───── RECORDS PROVIDED ─────
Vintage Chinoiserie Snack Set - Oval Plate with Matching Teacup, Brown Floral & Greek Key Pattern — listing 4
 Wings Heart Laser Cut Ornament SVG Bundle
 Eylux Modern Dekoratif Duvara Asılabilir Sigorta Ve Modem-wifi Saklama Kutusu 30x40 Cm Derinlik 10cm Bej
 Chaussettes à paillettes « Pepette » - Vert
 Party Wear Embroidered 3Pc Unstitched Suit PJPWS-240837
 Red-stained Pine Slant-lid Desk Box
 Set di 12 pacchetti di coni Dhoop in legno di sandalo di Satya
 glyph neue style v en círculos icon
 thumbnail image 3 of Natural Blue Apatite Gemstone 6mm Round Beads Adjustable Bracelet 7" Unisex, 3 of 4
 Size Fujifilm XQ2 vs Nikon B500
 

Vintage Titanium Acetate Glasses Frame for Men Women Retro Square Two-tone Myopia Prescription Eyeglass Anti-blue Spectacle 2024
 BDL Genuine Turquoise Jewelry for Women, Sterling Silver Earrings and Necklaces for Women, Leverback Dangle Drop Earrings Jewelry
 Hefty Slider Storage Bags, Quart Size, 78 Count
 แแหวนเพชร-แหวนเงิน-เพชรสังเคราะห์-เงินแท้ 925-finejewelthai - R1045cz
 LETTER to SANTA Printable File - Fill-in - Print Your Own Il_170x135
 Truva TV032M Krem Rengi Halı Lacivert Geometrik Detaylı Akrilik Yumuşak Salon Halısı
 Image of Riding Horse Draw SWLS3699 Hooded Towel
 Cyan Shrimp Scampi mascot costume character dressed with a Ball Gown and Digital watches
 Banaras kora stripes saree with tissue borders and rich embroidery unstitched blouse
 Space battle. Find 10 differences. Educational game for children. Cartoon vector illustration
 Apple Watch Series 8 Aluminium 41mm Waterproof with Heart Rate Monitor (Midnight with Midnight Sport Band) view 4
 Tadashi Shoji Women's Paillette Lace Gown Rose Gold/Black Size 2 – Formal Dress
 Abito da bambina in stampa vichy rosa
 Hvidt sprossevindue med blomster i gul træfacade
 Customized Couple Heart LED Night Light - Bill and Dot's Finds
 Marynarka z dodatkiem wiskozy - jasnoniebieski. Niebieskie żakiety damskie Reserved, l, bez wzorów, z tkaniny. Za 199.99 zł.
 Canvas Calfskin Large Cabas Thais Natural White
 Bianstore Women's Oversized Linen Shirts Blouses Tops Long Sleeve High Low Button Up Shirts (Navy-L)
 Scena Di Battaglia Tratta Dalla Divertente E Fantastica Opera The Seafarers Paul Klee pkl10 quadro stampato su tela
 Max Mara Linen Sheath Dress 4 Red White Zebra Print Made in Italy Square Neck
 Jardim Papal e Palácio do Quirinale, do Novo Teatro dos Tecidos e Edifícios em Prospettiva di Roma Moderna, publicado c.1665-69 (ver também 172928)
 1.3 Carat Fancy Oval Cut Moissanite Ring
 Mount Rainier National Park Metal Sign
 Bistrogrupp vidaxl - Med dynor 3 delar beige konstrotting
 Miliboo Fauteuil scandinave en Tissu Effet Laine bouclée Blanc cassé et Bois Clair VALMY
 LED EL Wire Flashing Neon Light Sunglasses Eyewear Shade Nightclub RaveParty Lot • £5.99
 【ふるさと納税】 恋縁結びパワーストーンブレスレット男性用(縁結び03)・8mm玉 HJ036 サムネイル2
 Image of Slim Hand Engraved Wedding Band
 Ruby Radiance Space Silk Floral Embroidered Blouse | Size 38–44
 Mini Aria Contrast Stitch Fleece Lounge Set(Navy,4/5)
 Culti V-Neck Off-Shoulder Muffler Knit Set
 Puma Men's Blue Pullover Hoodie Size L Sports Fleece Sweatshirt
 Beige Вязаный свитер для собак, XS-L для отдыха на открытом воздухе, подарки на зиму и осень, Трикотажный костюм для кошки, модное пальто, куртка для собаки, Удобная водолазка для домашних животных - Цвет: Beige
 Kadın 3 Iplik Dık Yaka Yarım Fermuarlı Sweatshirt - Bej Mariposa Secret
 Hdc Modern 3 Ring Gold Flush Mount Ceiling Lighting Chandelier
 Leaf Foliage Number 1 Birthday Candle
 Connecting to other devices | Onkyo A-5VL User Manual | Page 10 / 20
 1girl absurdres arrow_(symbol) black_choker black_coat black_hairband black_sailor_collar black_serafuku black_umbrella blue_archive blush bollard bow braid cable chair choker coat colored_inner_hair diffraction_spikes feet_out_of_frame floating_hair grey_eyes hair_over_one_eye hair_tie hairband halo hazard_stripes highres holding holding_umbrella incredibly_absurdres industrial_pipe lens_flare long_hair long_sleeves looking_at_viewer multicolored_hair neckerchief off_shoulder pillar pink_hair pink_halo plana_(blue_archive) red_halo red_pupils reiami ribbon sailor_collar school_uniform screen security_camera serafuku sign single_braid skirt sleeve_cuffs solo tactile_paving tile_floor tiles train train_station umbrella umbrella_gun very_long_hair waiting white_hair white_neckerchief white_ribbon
─────
> ACTIVITY: Reproduce exactly the entries above, limited to the lines from the one with "Marynarka z dodatkiem" through the one with "Connecting to other", both included.

> WRITTEN SOLUTION:
 Marynarka z dodatkiem wiskozy - jasnoniebieski. Niebieskie żakiety damskie Reserved, l, bez wzorów, z tkaniny. Za 199.99 zł.
 Canvas Calfskin Large Cabas Thais Natural White
 Bianstore Women's Oversized Linen Shirts Blouses Tops Long Sleeve High Low Button Up Shirts (Navy-L)
 Scena Di Battaglia Tratta Dalla Divertente E Fantastica Opera The Seafarers Paul Klee pkl10 quadro stampato su tela
 Max Mara Linen Sheath Dress 4 Red White Zebra Print Made in Italy Square Neck
 Jardim Papal e Palácio do Quirinale, do Novo Teatro dos Tecidos e Edifícios em Prospettiva di Roma Moderna, publicado c.1665-69 (ver também 172928)
 1.3 Carat Fancy Oval Cut Moissanite Ring
 Mount Rainier National Park Metal Sign
 Bistrogrupp vidaxl - Med dynor 3 delar beige konstrotting
 Miliboo Fauteuil scandinave en Tissu Effet Laine bouclée Blanc cassé et Bois Clair VALMY
 LED EL Wire Flashing Neon Light Sunglasses Eyewear Shade Nightclub RaveParty Lot • £5.99
 【ふるさと納税】 恋縁結びパワーストーンブレスレット男性用(縁結び03)・8mm玉 HJ036 サムネイル2
 Image of Slim Hand Engraved Wedding Band
 Ruby Radiance Space Silk Floral Embroidered Blouse | Size 38–44
 Mini Aria Contrast Stitch Fleece Lounge Set(Navy,4/5)
 Culti V-Neck Off-Shoulder Muffler Knit Set
 Puma Men's Blue Pullover Hoodie Size L Sports Fleece Sweatshirt
 Beige Вязаный свитер для собак, XS-L для отдыха на открытом воздухе, подарки на зиму и осень, Трикотажный костюм для кошки, модное пальто, куртка для собаки, Удобная водолазка для домашних животных - Цвет: Beige
 Kadın 3 Iplik Dık Yaka Yarım Fermuarlı Sweatshirt - Bej Mariposa Secret
 Hdc Modern 3 Ring Gold Flush Mount Ceiling Lighting Chandelier
 Leaf Foliage Number 1 Birthday Candle
 Connecting to other devices | Onkyo A-5VL User Manual | Page 10 / 20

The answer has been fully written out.